Minli rescues a dragon who was tied down by monkeys while he slept, to prevent him from eating or even looking at the peaches in their trees. The dragon was the creation of a painter who punished an arrogant and greedy magistrate. The painter left off the eyes, and when the magistrate discovered this some time later and added them, the dragon came to life and destroyed the palace escaping. But the dragon could not fly. They pass through the monkeys’ forest by Minli cooking some rice, and covering it with a net that has holes only big enough for an empty hand to pass through. The monkeys grabbed the fragrant rice but could not get their hands out, and were too greedy for the rice to let go of it and escape. The peaches were delicious.

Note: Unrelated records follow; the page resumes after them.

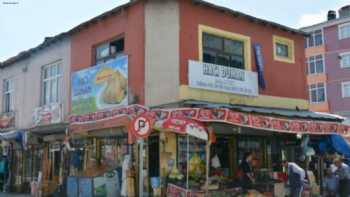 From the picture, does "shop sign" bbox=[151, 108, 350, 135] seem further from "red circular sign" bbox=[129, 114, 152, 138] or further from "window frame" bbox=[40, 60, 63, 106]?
"window frame" bbox=[40, 60, 63, 106]

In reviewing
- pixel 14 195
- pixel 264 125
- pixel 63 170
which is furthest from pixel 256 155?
pixel 14 195

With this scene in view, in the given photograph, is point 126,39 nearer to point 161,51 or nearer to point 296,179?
point 161,51

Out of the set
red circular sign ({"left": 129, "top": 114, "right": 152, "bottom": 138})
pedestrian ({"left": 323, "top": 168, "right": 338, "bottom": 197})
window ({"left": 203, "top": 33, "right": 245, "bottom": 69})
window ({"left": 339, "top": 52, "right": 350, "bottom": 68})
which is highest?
window ({"left": 339, "top": 52, "right": 350, "bottom": 68})

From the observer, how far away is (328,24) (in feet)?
117

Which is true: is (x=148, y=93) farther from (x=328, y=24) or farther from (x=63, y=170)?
(x=328, y=24)

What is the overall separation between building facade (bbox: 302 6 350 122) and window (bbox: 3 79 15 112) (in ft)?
→ 76.3

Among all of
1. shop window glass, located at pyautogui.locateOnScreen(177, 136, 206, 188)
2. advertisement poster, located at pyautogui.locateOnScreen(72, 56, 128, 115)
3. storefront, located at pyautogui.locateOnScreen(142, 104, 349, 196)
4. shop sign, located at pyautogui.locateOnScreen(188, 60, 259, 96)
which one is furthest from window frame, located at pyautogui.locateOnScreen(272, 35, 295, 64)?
advertisement poster, located at pyautogui.locateOnScreen(72, 56, 128, 115)

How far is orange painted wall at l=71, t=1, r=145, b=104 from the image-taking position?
1401 cm

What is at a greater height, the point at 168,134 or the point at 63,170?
the point at 168,134

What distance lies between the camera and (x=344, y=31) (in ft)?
114

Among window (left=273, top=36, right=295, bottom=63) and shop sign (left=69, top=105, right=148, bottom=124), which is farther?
window (left=273, top=36, right=295, bottom=63)

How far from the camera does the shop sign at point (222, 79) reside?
13.9 metres

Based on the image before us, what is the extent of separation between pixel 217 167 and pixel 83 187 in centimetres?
439

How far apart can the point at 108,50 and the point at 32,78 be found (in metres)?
6.29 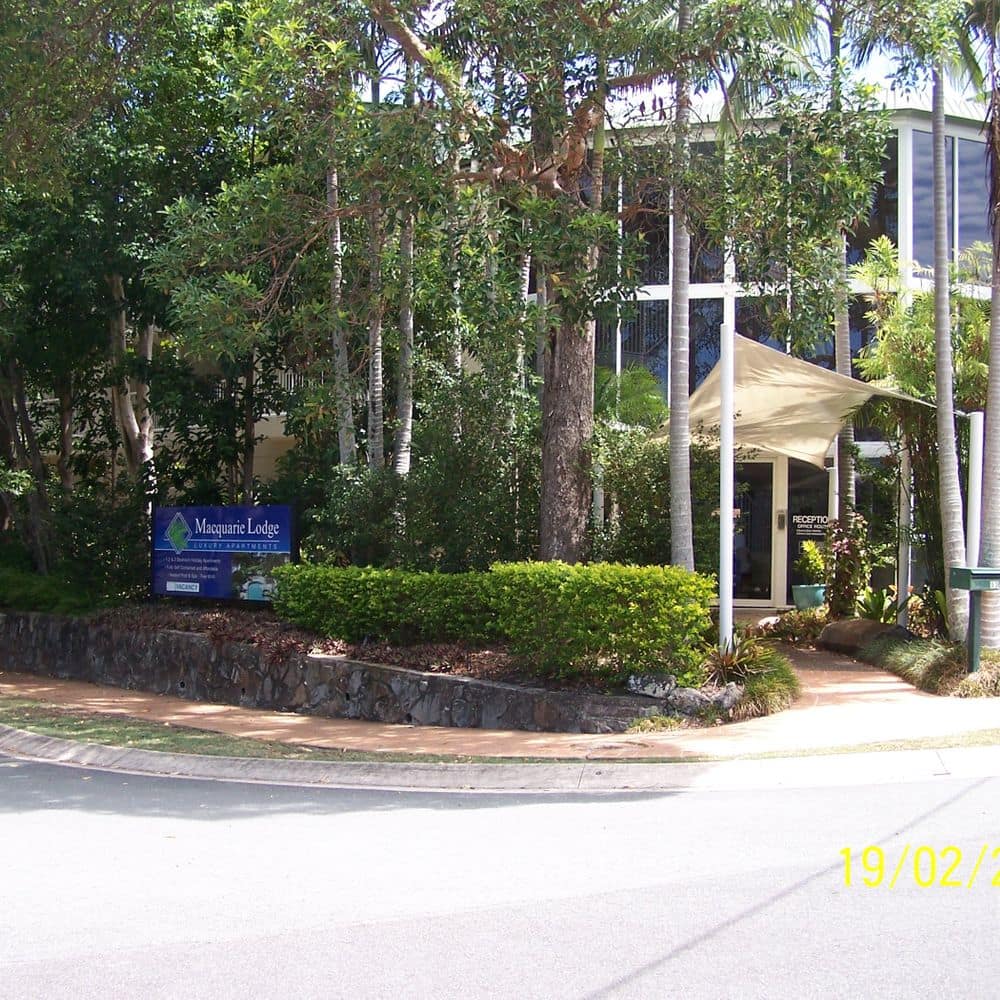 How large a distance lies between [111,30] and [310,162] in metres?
4.56

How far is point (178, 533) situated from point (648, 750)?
405 inches

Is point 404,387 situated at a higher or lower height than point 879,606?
higher

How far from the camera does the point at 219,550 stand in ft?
58.3

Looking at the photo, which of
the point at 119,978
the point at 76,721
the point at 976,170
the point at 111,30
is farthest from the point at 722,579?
the point at 976,170

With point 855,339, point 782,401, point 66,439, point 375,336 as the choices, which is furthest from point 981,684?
point 66,439

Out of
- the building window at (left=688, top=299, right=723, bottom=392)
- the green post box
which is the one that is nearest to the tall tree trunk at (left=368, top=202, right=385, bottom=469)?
the green post box

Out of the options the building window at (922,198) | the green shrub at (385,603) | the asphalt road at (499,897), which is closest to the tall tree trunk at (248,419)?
the green shrub at (385,603)

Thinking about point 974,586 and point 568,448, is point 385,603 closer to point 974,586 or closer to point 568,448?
point 568,448

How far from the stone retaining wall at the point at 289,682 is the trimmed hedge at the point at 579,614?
0.40 meters

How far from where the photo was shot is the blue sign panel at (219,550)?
56.0 ft

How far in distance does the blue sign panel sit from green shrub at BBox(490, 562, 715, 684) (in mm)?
5692

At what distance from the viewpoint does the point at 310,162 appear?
41.5 feet

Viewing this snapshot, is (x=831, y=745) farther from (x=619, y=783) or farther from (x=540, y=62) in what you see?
(x=540, y=62)

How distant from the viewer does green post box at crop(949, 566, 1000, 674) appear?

The fish had told Minli to go to the City of Bright Moonlight and get the borrowed line from the guardian of the city. On the way they met a gold fish who was likely a cousin of Minli’s goldfish which advised the dragon to stay hidden, as a dragon had smashed the king of the City’s great-grandfather’s palace some years ago and dragons were not kindly received. So the dragon stayed out of site and waited for Minli. Minli found that the king lived in a city within the city and she could not get in, so she spent the night at boy with a water buffalo’s house. He had a friend that was visiting him briefly that night, and he asked her how Minli could find the king. His friend said that the king would be at a specific market the next day. So Minli went and found a beggar asking for a peach from a merchant. The merchant refused and insulted him. Minli spent her last coin for a peach and gave it to him, which he at, and then planted a seed, which rapidly grew into a tree with peaches. The beggar offered his peaches to everyone for free, and the people (including the merchant) gladly ate the peaches. But Minli noticed that every time someone at a peach, one peach of the merchant’s disappeared. Then the tree shrank back into a seed.

Minli brushed against the beggar, and briefly saw that he was wearing a yellow robe with golden dragons embroidered on it. The beggar fled, and Minli realized that he was the king, so she ran after him, just as he pushed open a secret door in the wall of the city. So Minli did the same and went after him. The king was surprised but pleased, and ordered his courtiers to bring him a meal for two in one of the gardens and to not disturb him until the next day. The meal tasted wonderful and Minli told him what she was looking for. The king said that his family had kept a sheet of paper that his ancestor had ripped out of the Book of Fortune in anger one day when he met the Old Man of the Moon, who had told him that his son would marry a grocer’s daughter. The ancestor, the arrogant magistrate from previous stories, wanted his son to marry the king’s daughter, so he ripped the page to prevent it. But the grocer’s family died in a flood and only the daughter survived, and the king adopted her. And the magistrate’s son married her, and became the next king. His family had kept the paper ever since, and it had only one line of text on it that could only be seen in moonlight, and gave advice on what to do in a situation. Right now it said, “you cannot lose what you do not keep,” which the king took to mean he should give it to Minli. (The Old Man of the Moon had mentioned that he had borrowed the paper for his book, hence the line on it was borrowed.)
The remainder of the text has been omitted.